Durou seis anos o pacto de maioria parlamentar que viabilizou um longo período de governo das esquerdas em Portugal.
A dissolução da Assembleia da República deve ser formalizada hoje, em decreto do presidente Marcelo Rebelo de Souza, prévia às eleições legislativas antecipadas — entre janeiro e fevereiro.
Será o epitáfio da geringonça, apelido dado pelos portugueses à mais improvável coalizão de sete partidos: Popular, Social Democrata, Socialista, Comunista, Partido Popular, Bloco de Esquerda, Verdes e o PAN, sigla para “Pessoas–Animais–Natureza”.

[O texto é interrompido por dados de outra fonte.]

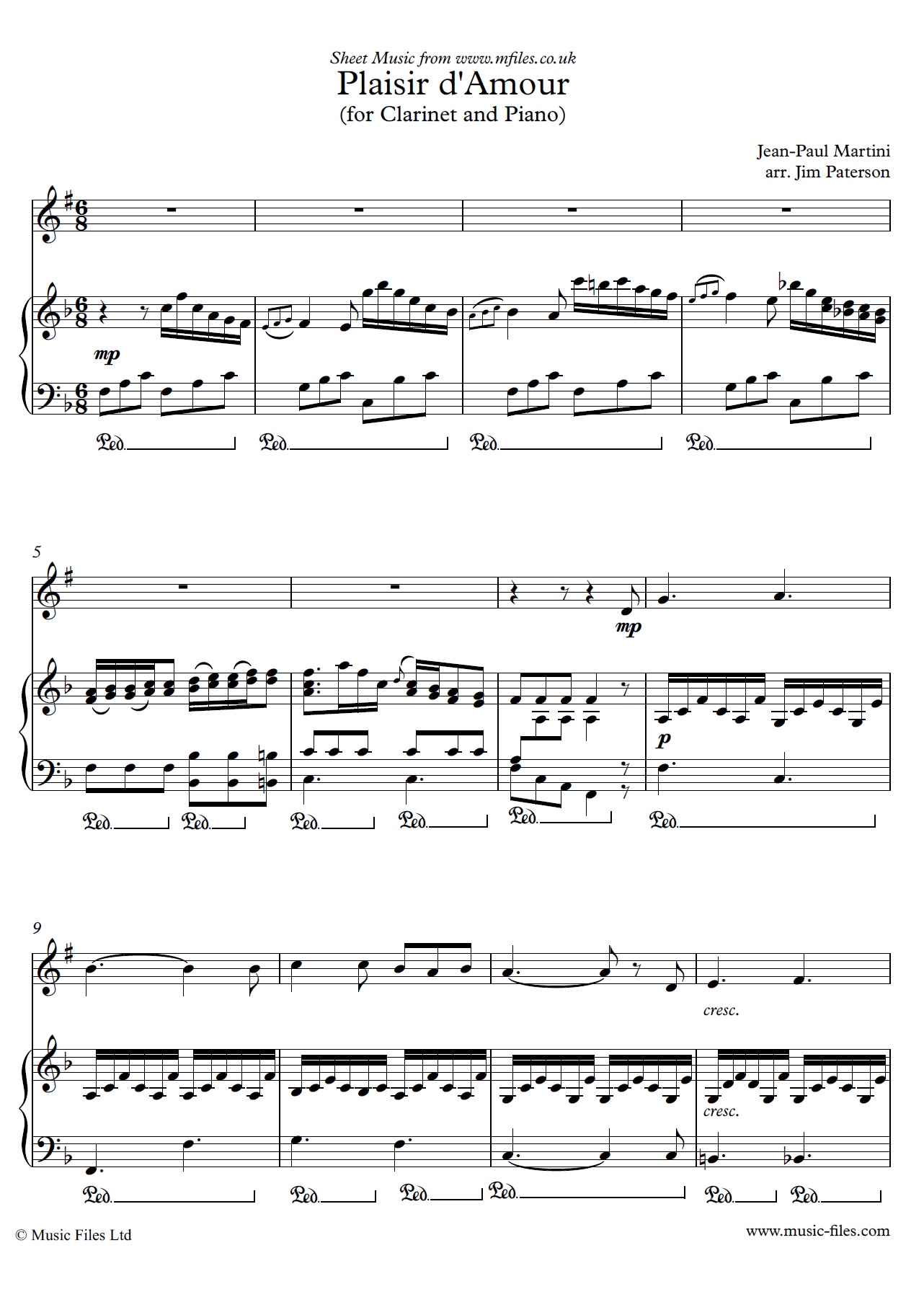 Plaisir d'Amour for Clarinet and Piano - click to download sheet music Plaisir d'Amour for Clarinet and Piano - sheet music 1st page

Geringonça, nos dicionários, é obra extravagante e mal armada que ameaça desconjuntar-se. A portuguesa sustentava-se na engrenagem parlamentar da maioria simples que partilhava orçamentos de 17 ministérios e de quatro dezenas de secretarias de Estado.
Arruinou-se na obsessão pela hegemonia: “A ‘geringonça’ foi morta pela obsessão pela maioria absoluta do Partido Socialista”, traduziu Catarina Martins, 48 anos, deputada de meio milhão de votos (10,9%) pelo Bloco de Esquerda e uma das mulheres mais influentes na política europeia.
A compulsão pela maioria absoluta tem abatido diferentes coalizões governamentais na outra margem do Atlântico. O Mensalão no governo Lula é caso exemplar. O acordo Bolsonaro-Centrão no orçamento paralelo segue na mesma trilha.
As eleições de 2022 têm excitado especulações desconexas e imaginativas sobre uma geringonça à brasileira. Um desses projetos para a construção de maioria absoluta no Congresso, a partir de 2023, tem sido debatido em frações da esquerda sob o rótulo de “governo colegiado”.